A word-for-word copy of the entries is the goal; leave out the pictures.

* Web page caption snippets
◆ ◆ ◆ ◆ ◆ ◆ ◆

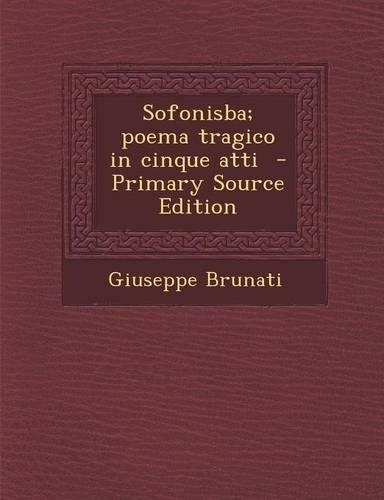 Sofonisba; Poema Tragico in Cinque Atti (Primary Source)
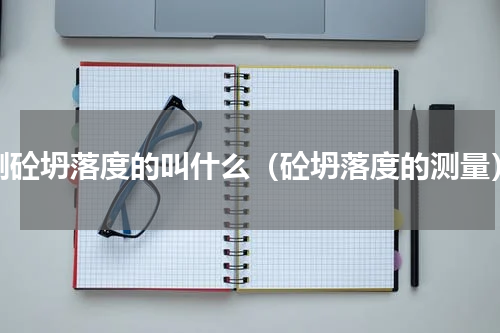 测砼坍落度的叫什么（砼坍落度的测量）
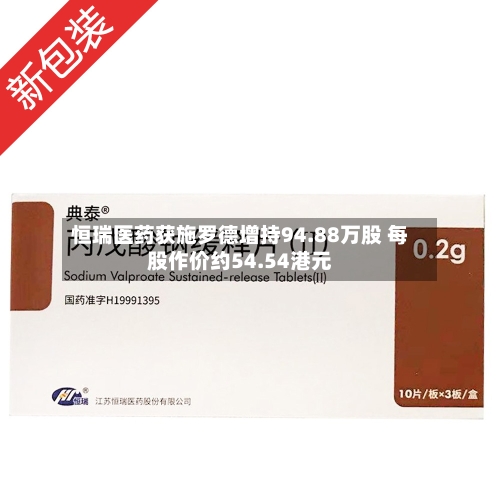 恒瑞医药获施罗德增持94.88万股 每股作价约54.54港元-第1张图片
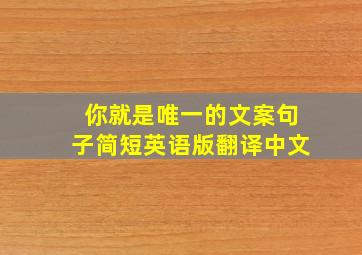 你就是唯一的文案句子简短英语版翻译中文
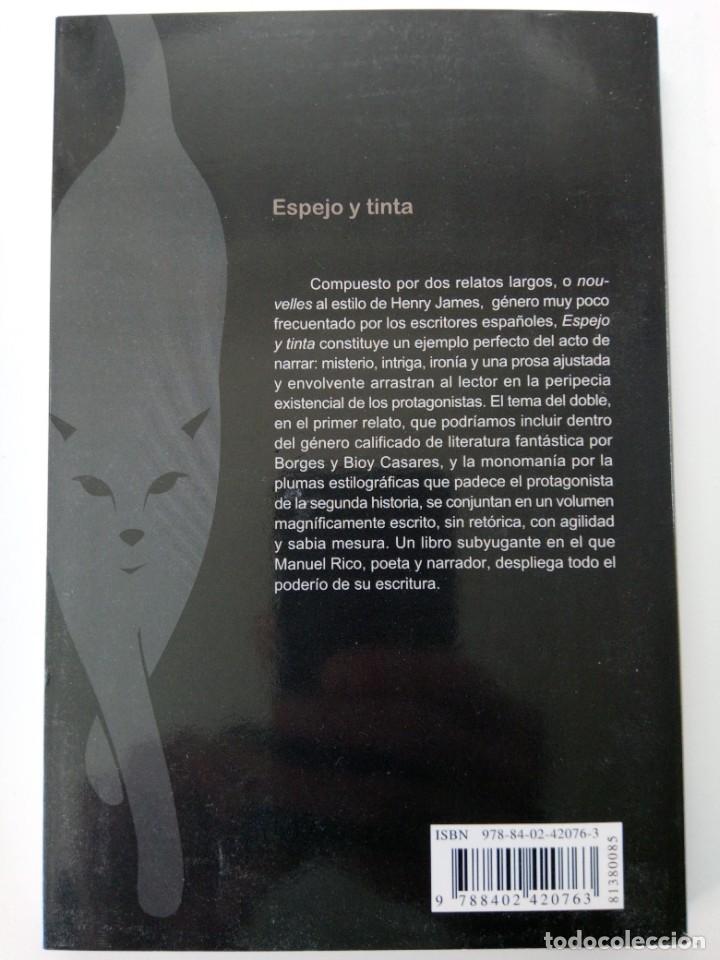 Libros: ESPEJO Y TINTA - MANUEL RICO - BRUGUERA - Foto 2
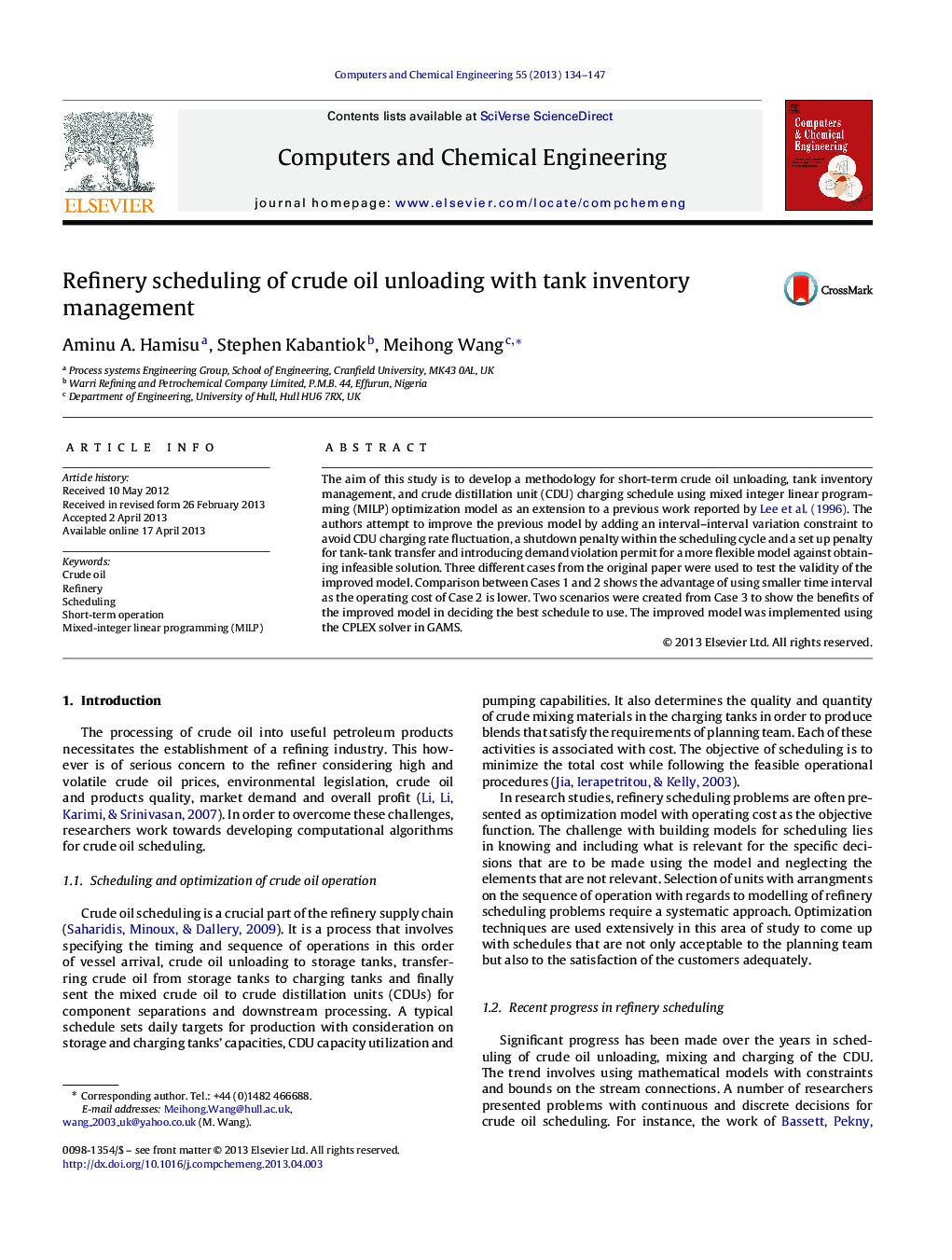 Refinery scheduling of crude oil unloading with tank inventory management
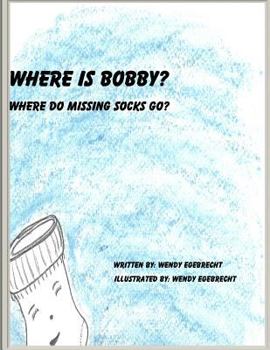 Paperback Where Is Bobby?: Where do missing socks go? Book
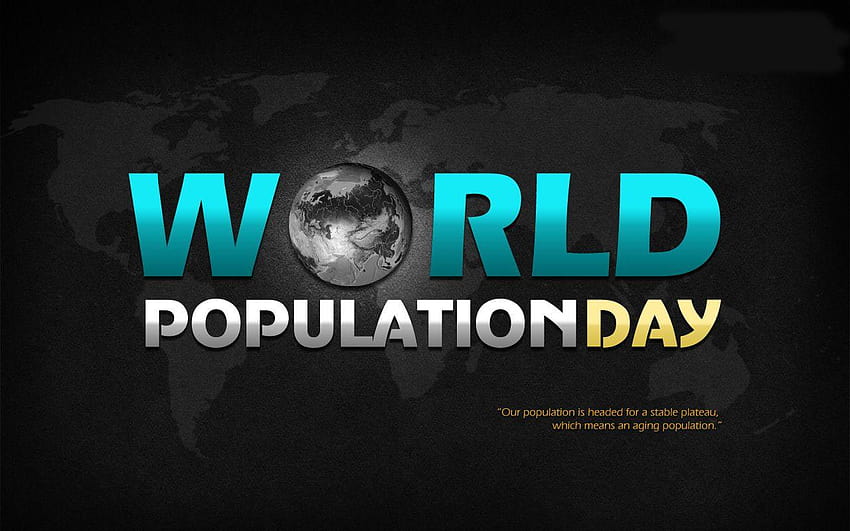 World Population Day 2017 Theme Quotes Speech Slogans Posters HD wallpaper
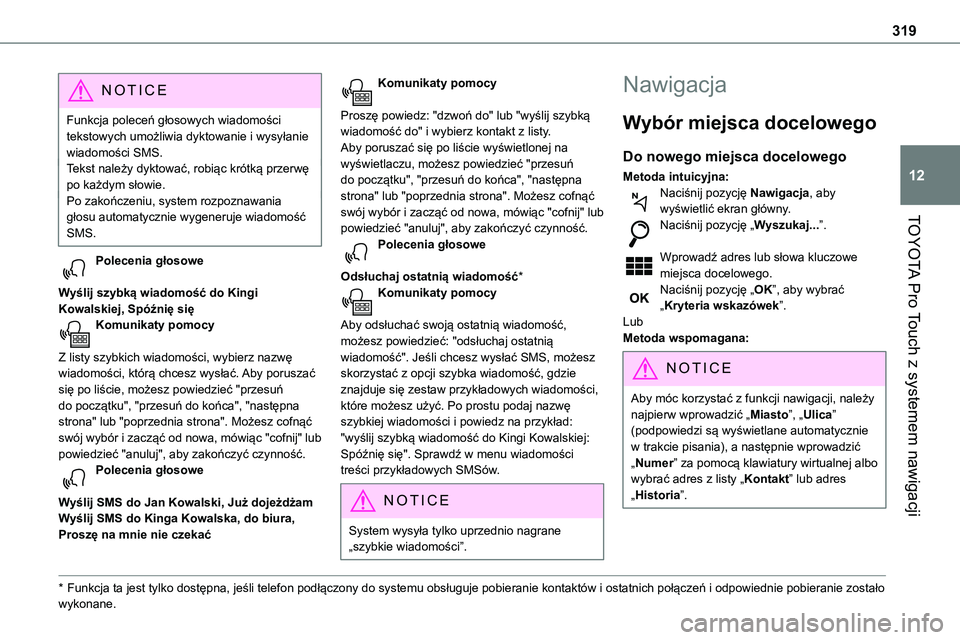TOYOTA PROACE 2023 Instrukcja obsługi (in Polish) 319
TOYOTA Pro Touch z systemem nawigacji
12
NOTIC E
Funkcja poleceń głosowych wiadomości tekstowych umożliwia dyktowanie i wysyłanie wiadomości SMS.Tekst należy dyktować, robiąc krótką prz TOYOTA PROACE 2023 Instrukcja obsługi (in Polish) 319
TOYOTA Pro Touch z systemem nawigacji
12
NOTIC E
Funkcja poleceń głosowych wiadomości tekstowych umożliwia dyktowanie i wysyłanie wiadomości SMS.Tekst należy dyktować, robiąc krótką prz
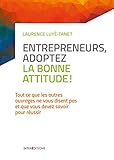Entrepreneurs, adoptez la bonne attitude ! (Bien-être au travail) (French Edition) by 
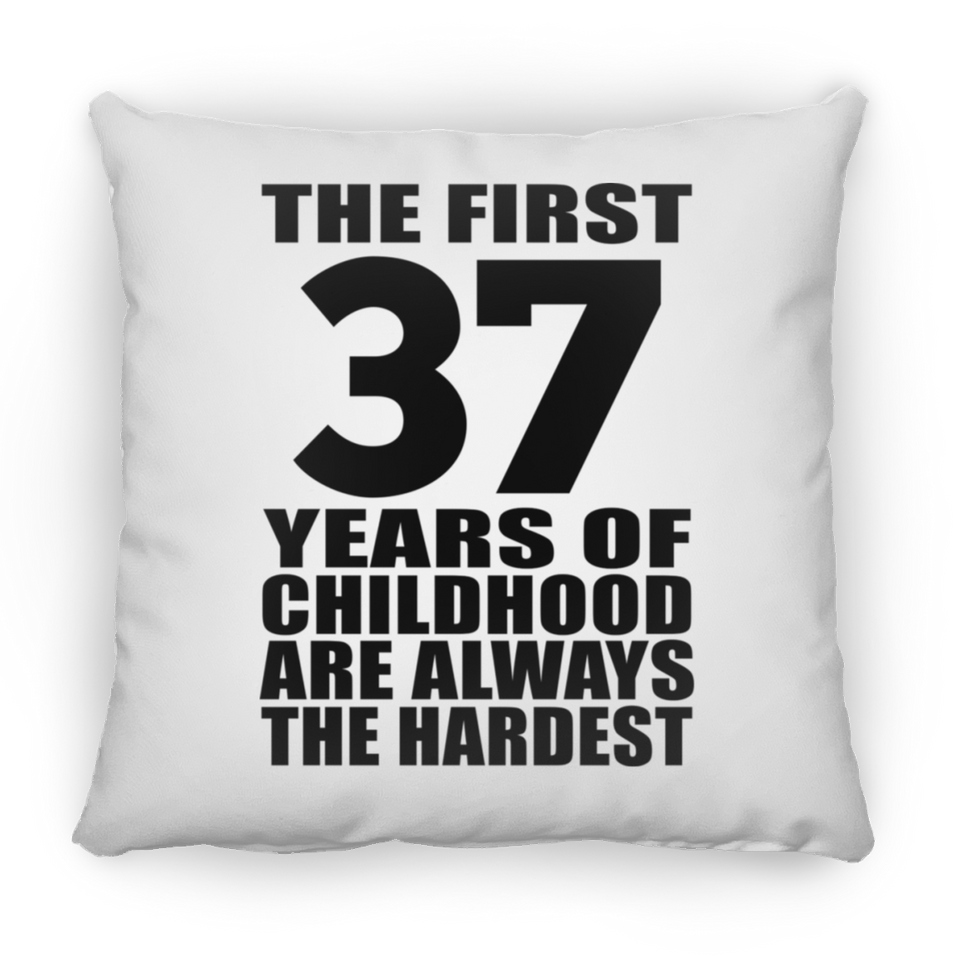 37th Birthday First 37 Years of Childhood Are The Hardest - Throw Pillow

◆ ◆ ◆ ◆ ◆ ◆ ◆

* Reply to the exercise
 Sofonisba; Poema Tragico in Cinque Atti (Primary Source)
 测砼坍落度的叫什么（砼坍落度的测量）
 恒瑞医药获施罗德增持94.88万股 每股作价约54.54港元-第1张图片
 你就是唯一的文案句子简短英语版翻译中文
 Libros: ESPEJO Y TINTA - MANUEL RICO - BRUGUERA - Foto 2
 Refinery scheduling of crude oil unloading with tank inventory management
 Paperback Where Is Bobby?: Where do missing socks go? Book
 World Population Day 2017 Theme Quotes Speech Slogans Posters HD wallpaper
TOYOTA PROACE 2023 Instrukcja obsługi (in Polish) 319
TOYOTA Pro Touch z systemem nawigacji
12
NOTIC E
Funkcja poleceń głosowych wiadomości tekstowych umożliwia dyktowanie i wysyłanie wiadomości SMS.Tekst należy dyktować, robiąc krótką prz TOYOTA PROACE 2023 Instrukcja obsługi (in Polish) 319
TOYOTA Pro Touch z systemem nawigacji
12
NOTIC E
Funkcja poleceń głosowych wiadomości tekstowych umożliwia dyktowanie i wysyłanie wiadomości SMS.Tekst należy dyktować, robiąc krótką prz
Entrepreneurs, adoptez la bonne attitude ! (Bien-être au travail) (French Edition) by 
 37th Birthday First 37 Years of Childhood Are The Hardest - Throw Pillow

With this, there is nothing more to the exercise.